An authoritative and gorgeously illustrated survey of Victorian jewelry that focuses on "secondary" jewelry, characterized by bold, playful, romantic and modern designs. The many styles of Victorian jewelry presented in this volume are selected from the best collections in the United States and abroad, and shown here in specially commissioned, exclusive color photographs. The photographs showcase the glorious color and style of the rich variety of materials, including Scottish Agate, malachite, and granite, the amazingly modern niello, and the stark black beauty of Whitby jet. For more than half a century, during the reign of Queen Victoria, England and Europe produced some of the most delightful flights of fancy that jewelry has ever taken. Long ignored because of the intrinsic worthlessness of its various materials, today these pieces are increasingly prized for their beauty and workmanship. Surprisingly, this period in jewelry--making did not follow the fussy, overly ornate style that characterized the Victorian era, but rather promoted bold, playful, romantic and "modern" styles.
Some of the most unusual pieces were constructed with materials including hair, lava, coal iron, and aluminum. The text gives authoritative and fascinating historical context to the uses of these materials and designs. Many of the most sought-after pieces are made of silver, and popular designs include stars, anchors, hearts, bows and outstretched hands.

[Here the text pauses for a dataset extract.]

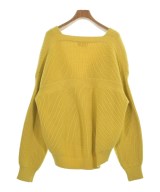 Sea Room Lynn（シールームリン）カーディガン 黄 サイズ:F レディース/2200607795011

Ginny Reddington Dawes, formerly a singer with a rock and roll band, is an accomplished songwriter and the composer of many well--known advertising jingles. Corinne Alster Davidov is a painter whose works have been widely exhibited, here and abroad. Both authors are avid collectors of Victorian jewelry, and private dealers tuned into up--and--coming trends in collectibles. This is their second collaboration; their first was The Bakelite Jewelry Book, from Abbeville Press.